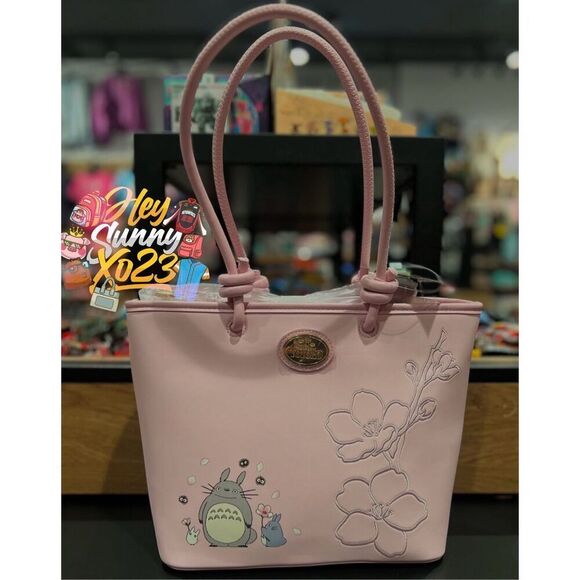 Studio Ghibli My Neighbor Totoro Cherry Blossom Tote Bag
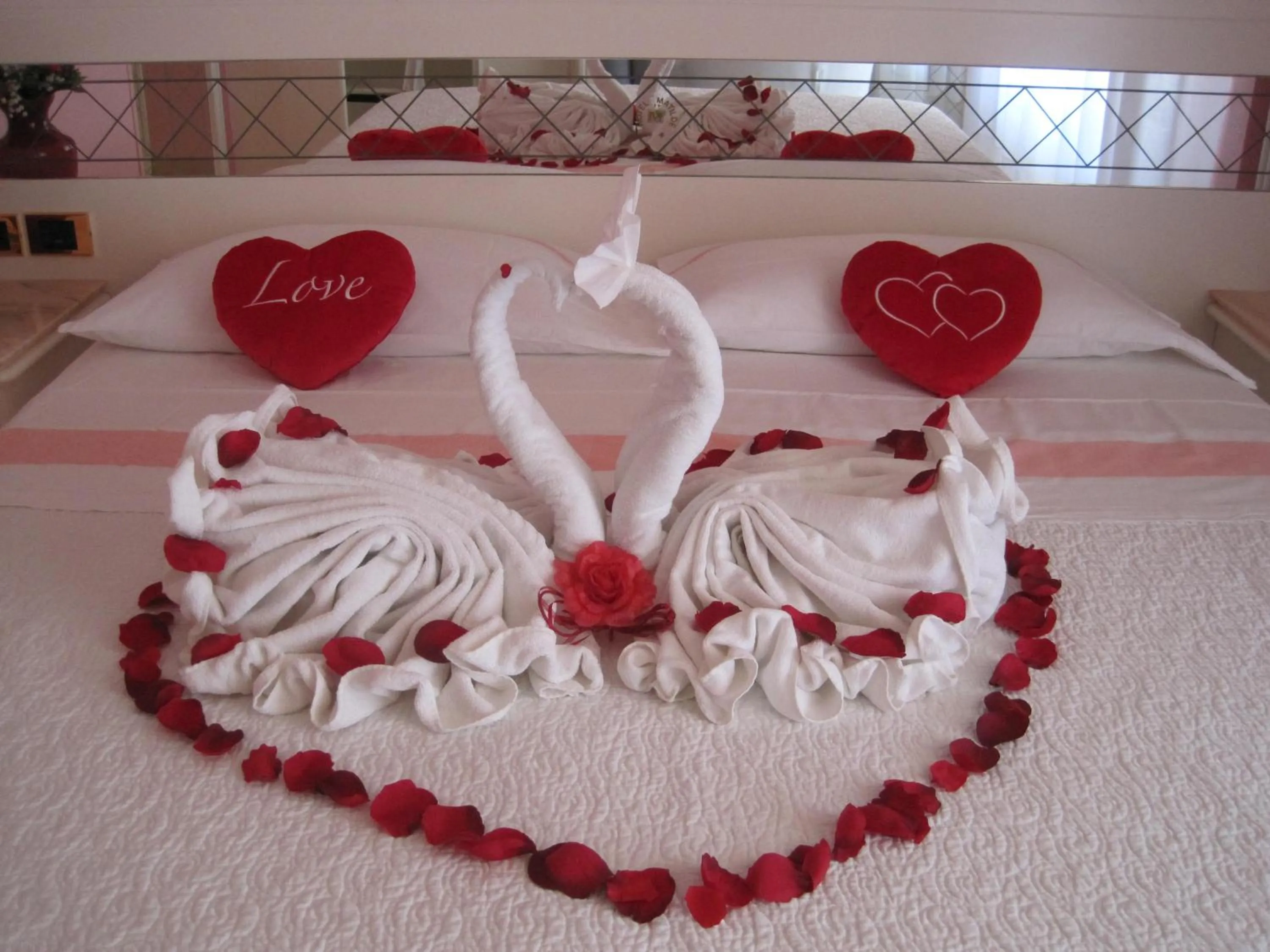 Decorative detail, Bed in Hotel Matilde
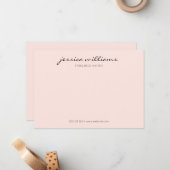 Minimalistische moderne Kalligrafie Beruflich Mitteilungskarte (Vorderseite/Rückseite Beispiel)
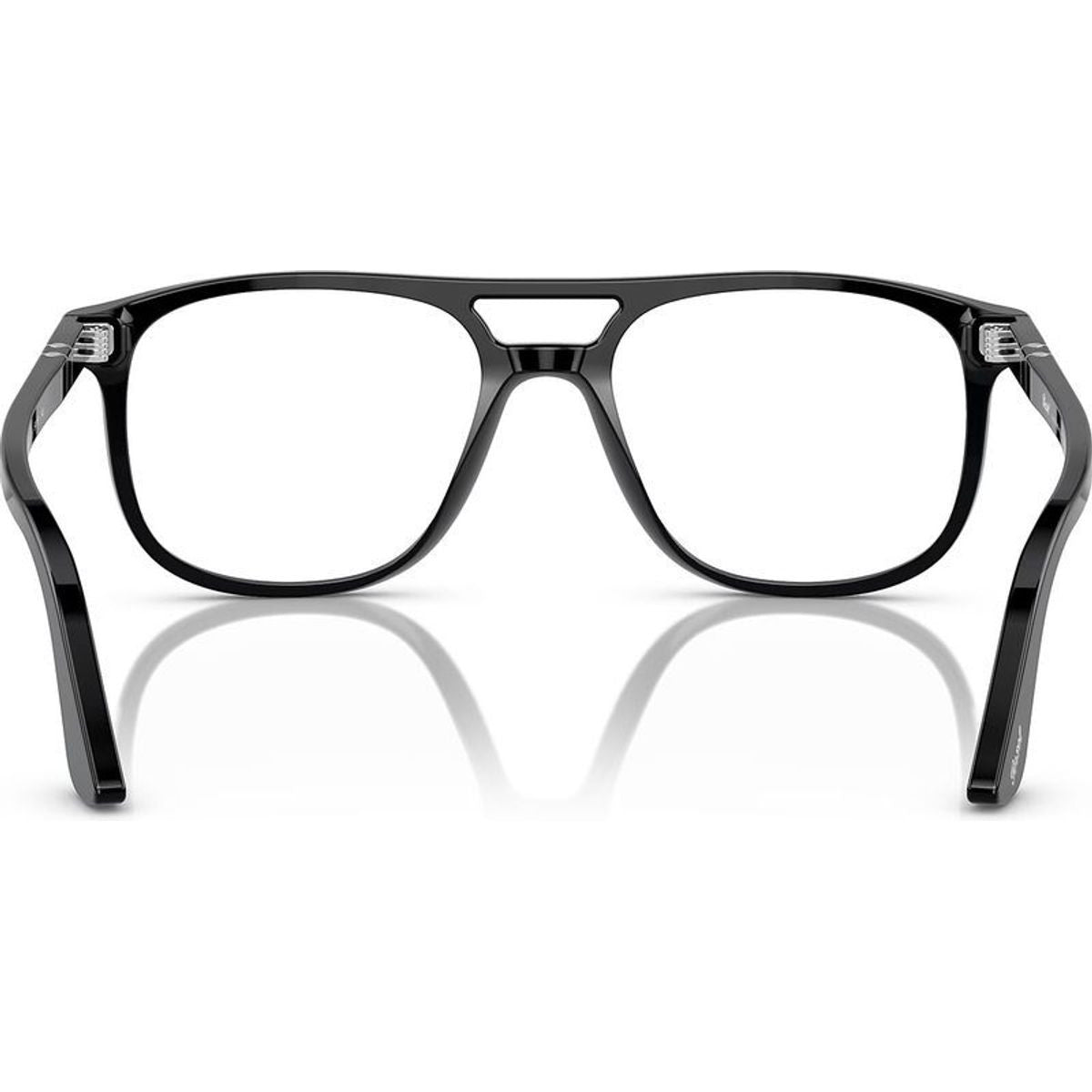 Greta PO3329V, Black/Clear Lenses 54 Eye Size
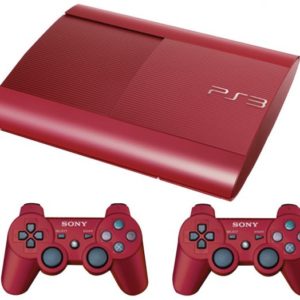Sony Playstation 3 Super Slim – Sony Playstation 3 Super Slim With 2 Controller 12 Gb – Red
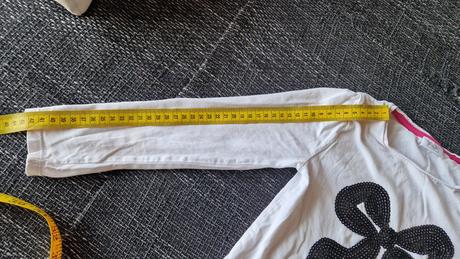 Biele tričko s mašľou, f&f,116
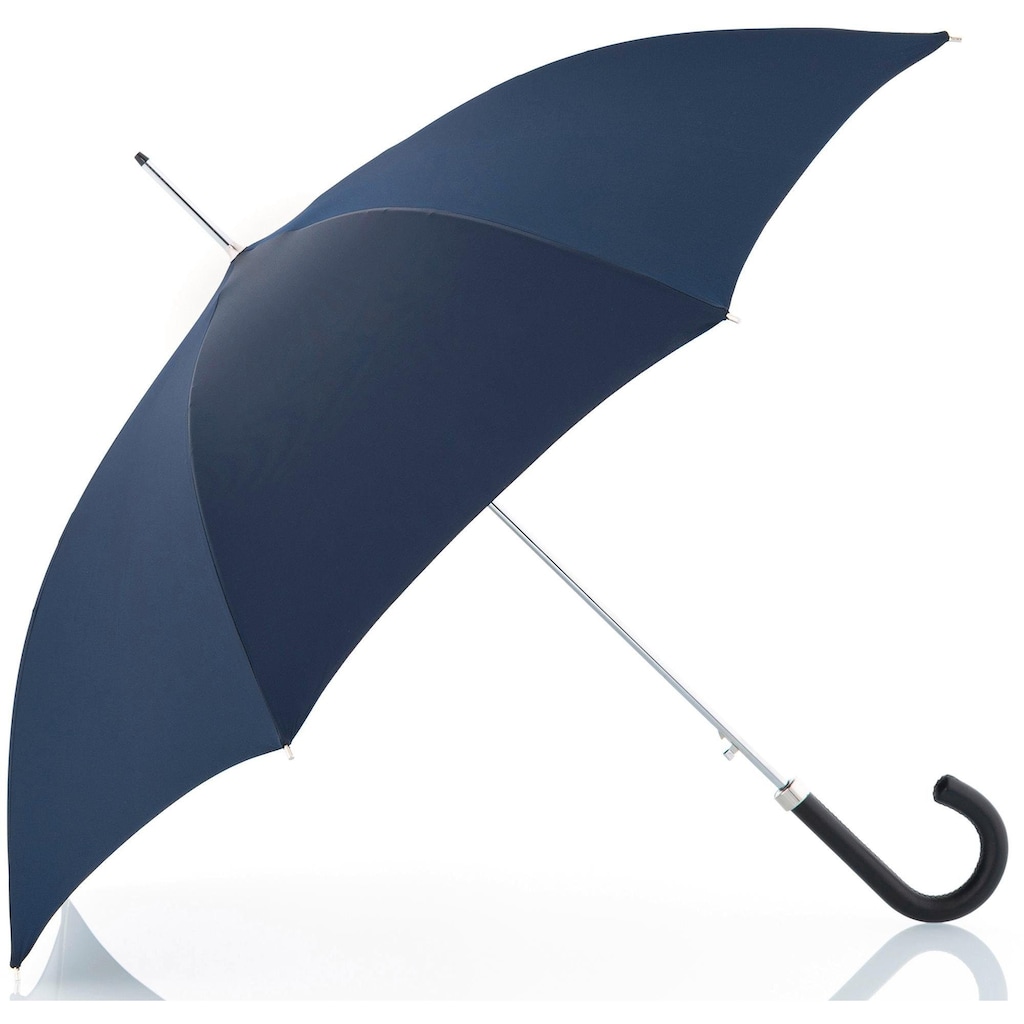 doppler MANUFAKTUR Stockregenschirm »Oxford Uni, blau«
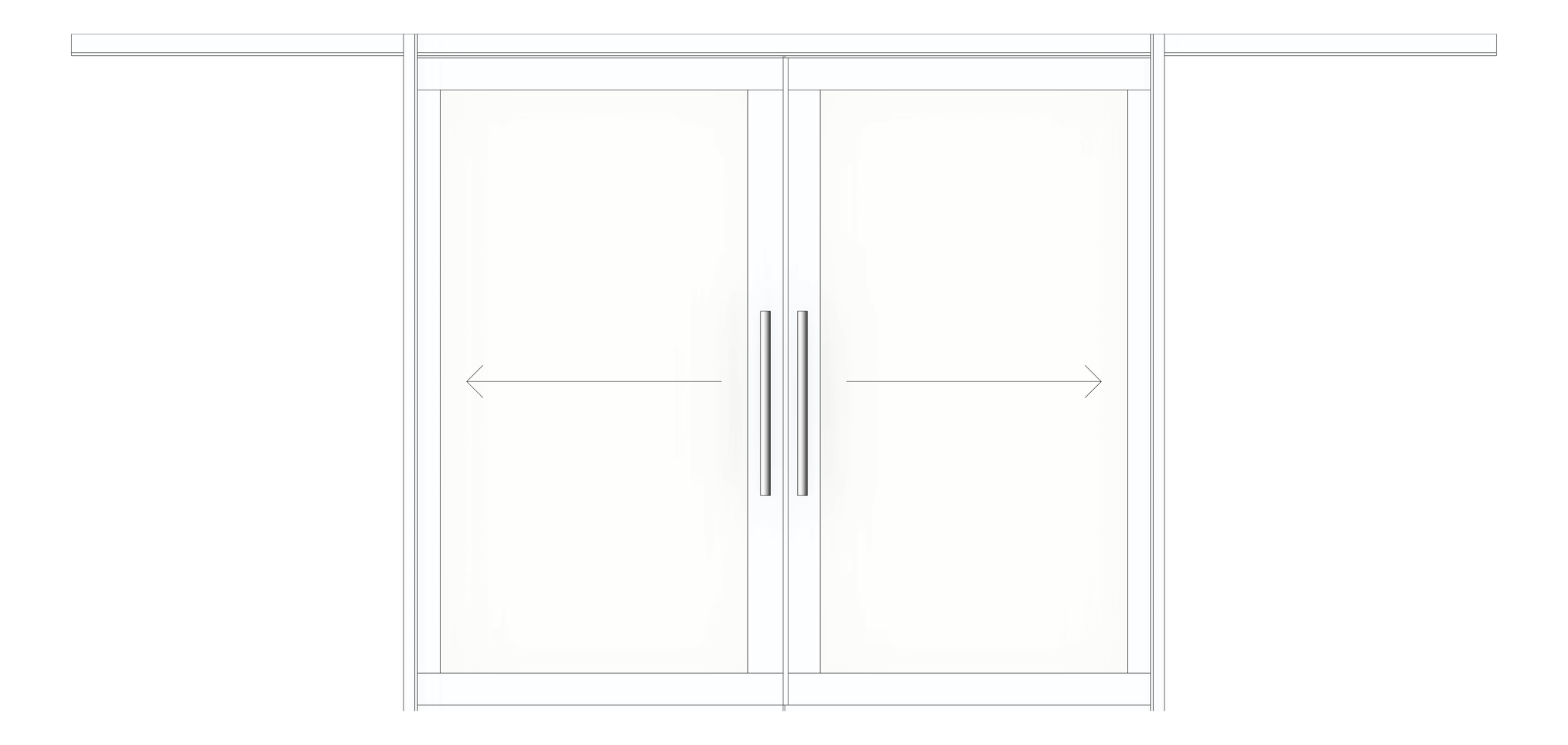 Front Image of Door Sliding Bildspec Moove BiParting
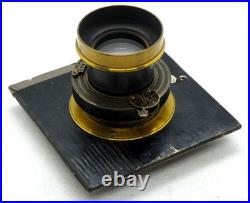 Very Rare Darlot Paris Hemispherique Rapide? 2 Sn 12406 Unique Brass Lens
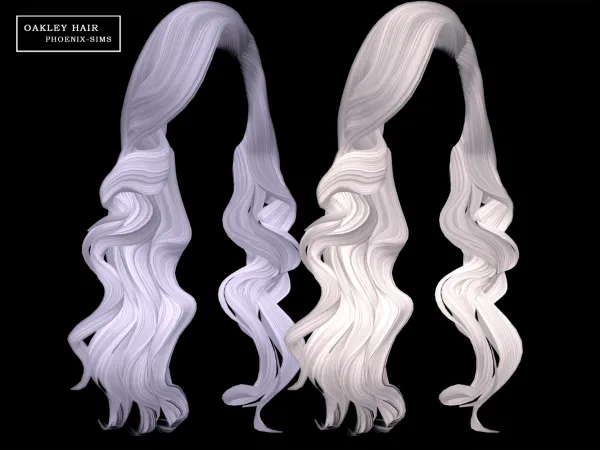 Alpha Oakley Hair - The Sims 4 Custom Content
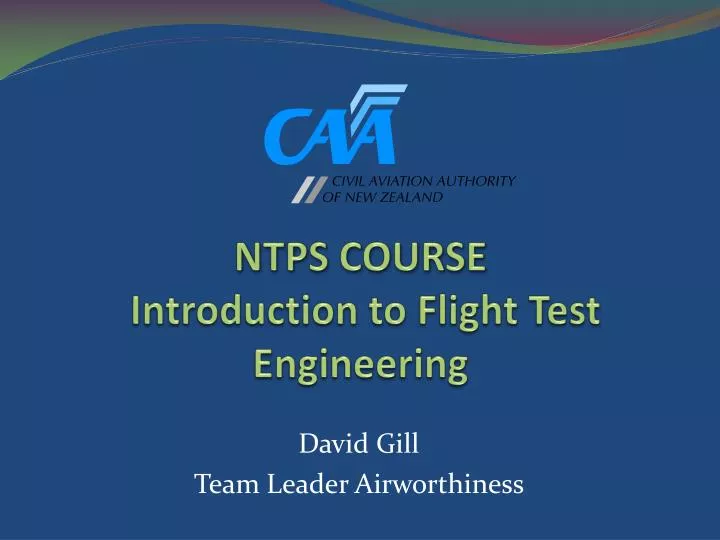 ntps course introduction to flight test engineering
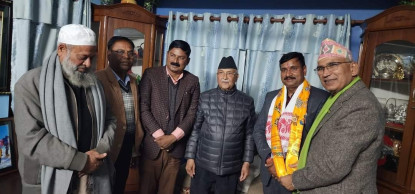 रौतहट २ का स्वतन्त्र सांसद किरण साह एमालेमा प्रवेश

BRIEF |
Copy exactly the material above from the line with "doppler MANUFAKTUR Stockregenschirm" to the line with "ntps course introduction", ends included, and nothing else. Leave out any picture.

TASK OUTPUT |
 doppler MANUFAKTUR Stockregenschirm »Oxford Uni, blau«
 Front Image of Door Sliding Bildspec Moove BiParting
 Very Rare Darlot Paris Hemispherique Rapide? 2 Sn 12406 Unique Brass Lens
 Alpha Oakley Hair - The Sims 4 Custom Content
 ntps course introduction to flight test engineering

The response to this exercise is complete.